Wants form a hierarchy. This is the key. Not all wants are on a level; some wants refer to other wants.
Simply put, we can have wants and also wants about our wants - meta-wants. For example, I can want to smoke at time t (this minute) but also want, still at time t, that at time t +1 (a future time) I will not want to smoke. I have a want (now) to smoke and a meta-want that in future I will not to want to smoke. This is the kind of phenomenon Harry Frankfurt was concerned with in 'Freedom of the Will and the Concept of a Person', Journal of Philosophy, 68, 1971, 5-10.
It this phenomenon that Schopenhauer has in mind. Freedom comes into the picture because even if our intentional actions are determined causally by our wants and desires (on the Humean model) our meta-wants can cause our other wants to weaken or disappear. Our meta-wants have the capacity to free us from our other wants.

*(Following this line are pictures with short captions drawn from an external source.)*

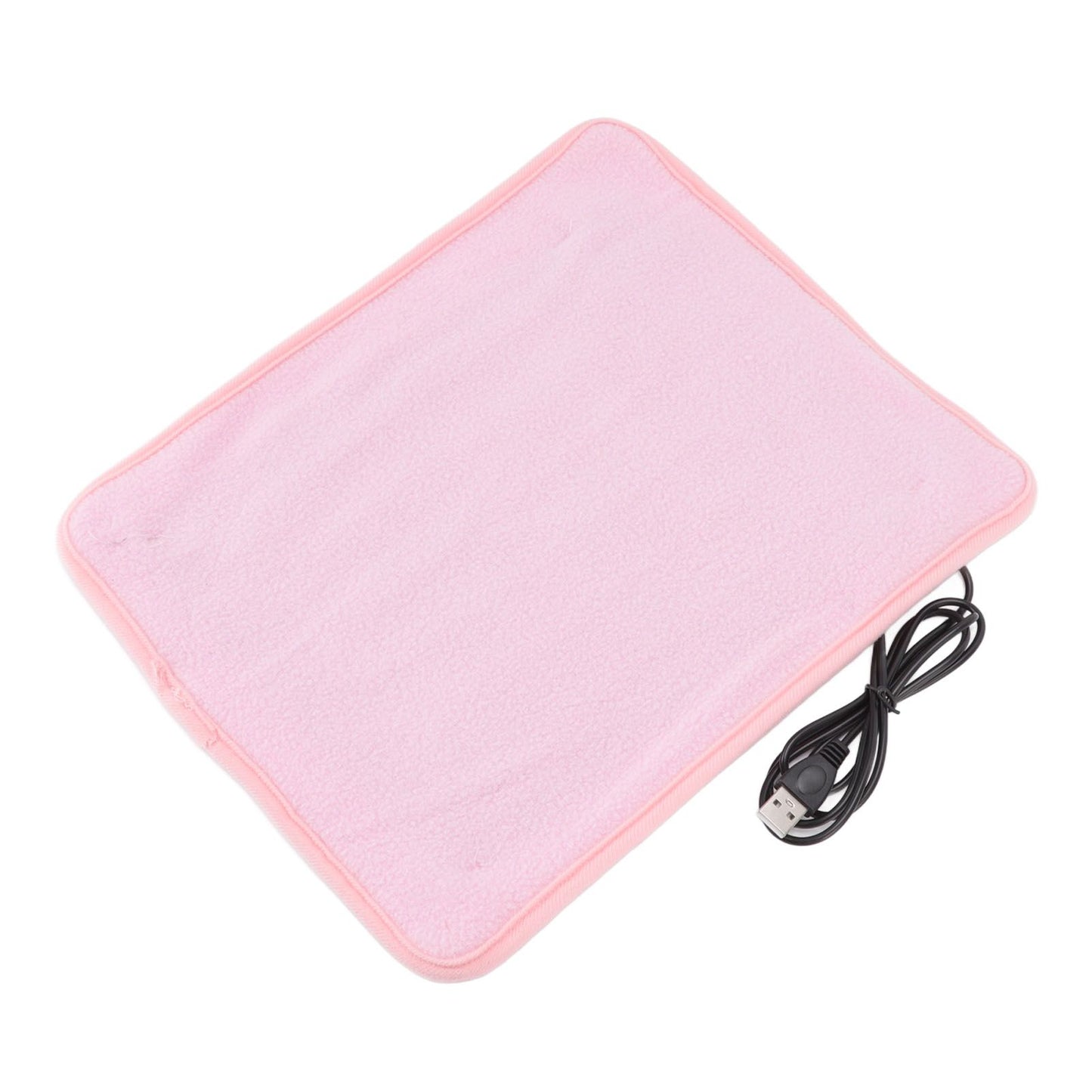 Portable USB Heating Pad Shoulder Neck Leg Waist Heating Pads with Multi Level Temperature Adjustment Timing Pink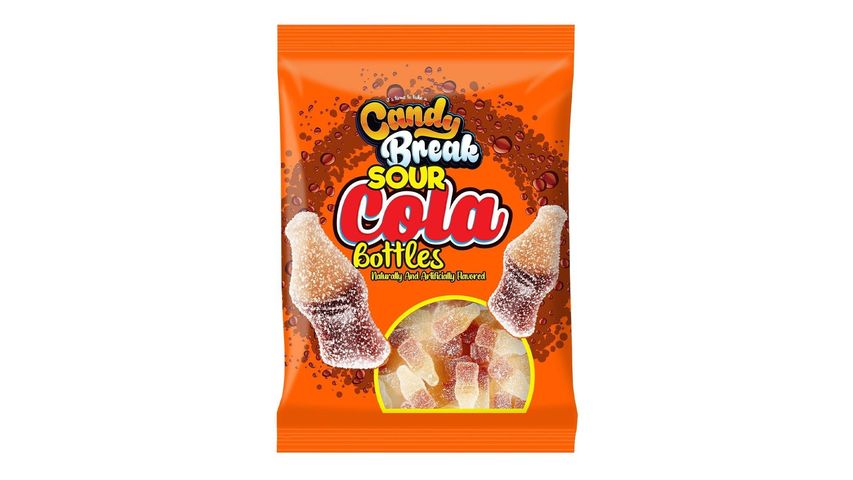 Candy Break Sour Cola Bottles Jelly Beans 113 g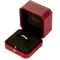 Cartier - Bague jonc en platine et diamant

@Canada - Area 51 Proposal. I don't think Mill's distinction between higher and lower pleasures ('Utilitarianism', c.2) comes into it. The want that I want to be rid of may be - yield - a lower pleasure; but I may well want to be rid of it - I may want-not-to-have-that-want - in order to cultivate a want for another lower pleasure, say horse-racing. I may want not to smoke in order to have more money to spend on the horses.